Empirical validation of Fibonacci levels: anchor selection, microstructure interactions, and null models
Looking to design a robust test of whether Fibonacci retracement/extension levels add predictive value beyond standard market structure signals and round-number effects. Most backtests I see bake in subjective anchor selection and lax event definitions, inflating hit rates. Proposal and questions:
Proposed methodology
Anchors
- Compare three algorithmic anchor schemes on intraday and swing horizons:
1) ZigZag with adaptive threshold in ATR units (e.g., 1.5-3 ATR), fixed lookback.
2) Bayesian change-point or structural break detection on log returns to define regime legs.
3) Volume-weighted swings: endpoints minimize cumulative signed volume imbalance and maximize directional delta.
- Anchor normalization: log-price distance; de-duplicate overlapping swings via interval scheduling to avoid multiple counting.
Levels and event definition
- Retracements: 0.236, 0.382, 0.5, 0.618, 0.786; extensions: 1.272, 1.618, 2.0.
- Touch tolerance scaled by microstructure noise: max(2-3 ticks, 0.1-0.2 times recent bid-ask spread, or 0.1 ATR).
- Reaction criterion: after first touch, adverse excursion less than next level’s distance while favorable excursion ≥ k ATR (k = 0.5, 1.0) within T bars; alternatively, survival analysis on reversal hazard at distance-to-level.
Null models and controls
- Equal-interval control grid: 0.25, 0.5, 0.75 (or quantiles of prior leg’s return).
- ATR-multiple grid: k × 0.5 ATR; and round-number grid (price ending in 00/50 for FX; big figure for futures).
- Randomized anchor rotation within the same leg length distribution to control for data-snooping on anchor placement.
- Confluence controls: prior day high/low, session VWAP and anchored VWAP at swing endpoints, high-volume nodes (VPVR), options gamma exposure nodes (for index/large-cap).
Microstructure layer (where L2 is available)
- Measure passive liquidity density and imbalance within ±x ticks of each level; iceberg detection via replenishment patterns; sweep frequency and fill ratio changes pre/post touch.
- Queue position and slippage analysis for limit entries placed one tick ahead vs at the level.
Regime segmentation and robustness
- Partition by volatility regime (realized vol quantiles), trend strength (ADX, Hurst), and time-of-day buckets.
- Cross-asset: index futures, major FX, liquid commodities, single-name equities; multiple compressions (1-5m, 15-60m, daily).
- Out-of-sample evaluation with anchored walk-forward to prevent look-ahead bias from dynamic anchor selection.
Evaluation metrics
- Incremental predictive power: logistic regression or gradient boosting with features {distance to nearest Fib level, distance to controls, confluence flags, regime dummies}; report AUC and Brier improvement over controls.

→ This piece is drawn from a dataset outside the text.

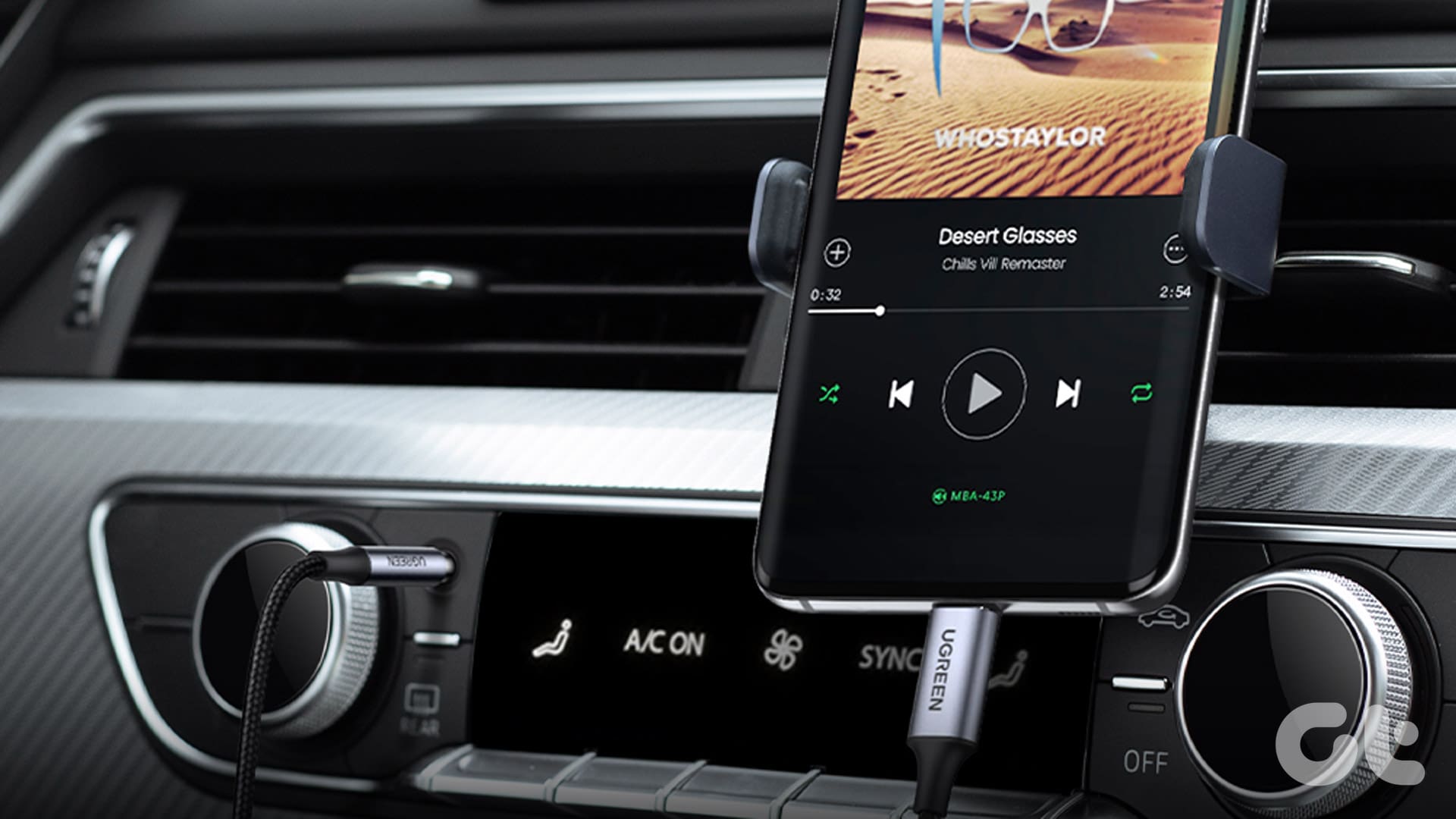 6 Best AUX Cables for Car You Must Buy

- Event study: mean conditional return and hit rate uplift at Fib vs control levels, with clustered standard errors by day and instrument.
- Execution-adjusted PnL with realistic costs and adverse selection, not just level hit rates.
Questions for the group
1) Anchor selection: Which of the above anchor algorithms has yielded the most stable, out-of-sample results for you? Any better alternatives for defining swing legs that avoid hindsight bias?
2) Tolerance bands: How do you parameterize “respecting” a level relative to spread and volatility without curve-fitting? Fixed ticks, percentage, or volatility-scaled?
3) Confluence: Does adding anchored VWAP from swing endpoints or high-volume nodes materially improve edge at 0.382/0.618? Any quantified uplift you can share?
4) Microstructure: For those with order book data, do you observe statistically significant absorption or replenishment around 0.618 versus control grids, or is liquidity clustering explained by round numbers and session extremes?
5) Regimes: In which regimes, if any, do extensions (1.272, 1.618) outperform simple swing-projection or ATR targets? Any evidence that 0.618 is uniquely informative versus a generic 0.65 retracement?
6) Multiple testing: Preferred protocols to limit data snooping when scanning multiple levels, anchors, and assets? Nested cross-validation, hierarchical testing, or empirical Bayes?
7) Options overlay: Has anyone tied Fib projections to options structures (e.g., verticals at 1.272/1.618) and measured risk-adjusted vs delta-only exits?
If there is interest, I can share a minimal, reproducible pipeline outline (data schema, anchor code, event labeling) so results across venues can be compared apples-to-apples.